When it comes to packaging, it seems everyone has chosen a different strategy. Sewaholic uses a standard (but pretty) pattern envelope that opens at the top. Megan Nielsen uses the same but with a wider opening and a velcro closing. Colette Patterns has an envelope and booklet in one with a fold-in closing. Papercut patterns has taken packaging to a whole different level, cardboard with a fold open hook and stenciled logo. Deer & Doe uses an envelope but bigger than normal.
To me, the Papercut and D&D envelopes are a winner because of their size. Sewaholic's has a clean look but I don't like the small opening, it teares easily. I don't use it to store the pattern afterwards. Megan Nielsen makes this a bit easier with the wide opening and the Velcro closure. The folding flap on the Colette envelope had already teared before I used the pattern.

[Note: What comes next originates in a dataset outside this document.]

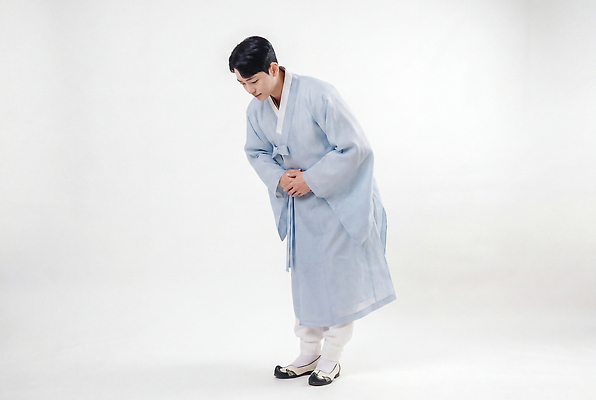 JPG 편집이미지 전통 옷 남자 문화 한국 설날 추석 예절 한복 명절인사 의료성형뷰티 스타일 편집실사 AI인물포토 AI콘텐츠 한국전통 명절 아시아 사람 인사 전통의상 CG 파일형식 AI포토 기념일 나라 이벤트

But I like the fact that you can keep instructions and pattern together more easily. What are your thoughts on these different ways of packaging a pattern? What would your ideal package look like?
Another important difference between these pattern designers is their choice of pattern paper. Sewaholic and Colette use the standard tissue thin pattern paper. Megan Nielsen, Papercut and D&D use normal/recycled paper, I'm guessing the standard 80 grams. Both have advantages and disadvantages. The brown tissue paper tears easily but takes up less room and works better with stretchy fabrics. The thick paper lasts longer but you'll have to iron it well for it to lay flat and you can't see through it. I personally would very much like something in between. My sewing teacher has something like that, sturdy but still see-through. What kind of pattern paper do you prefer?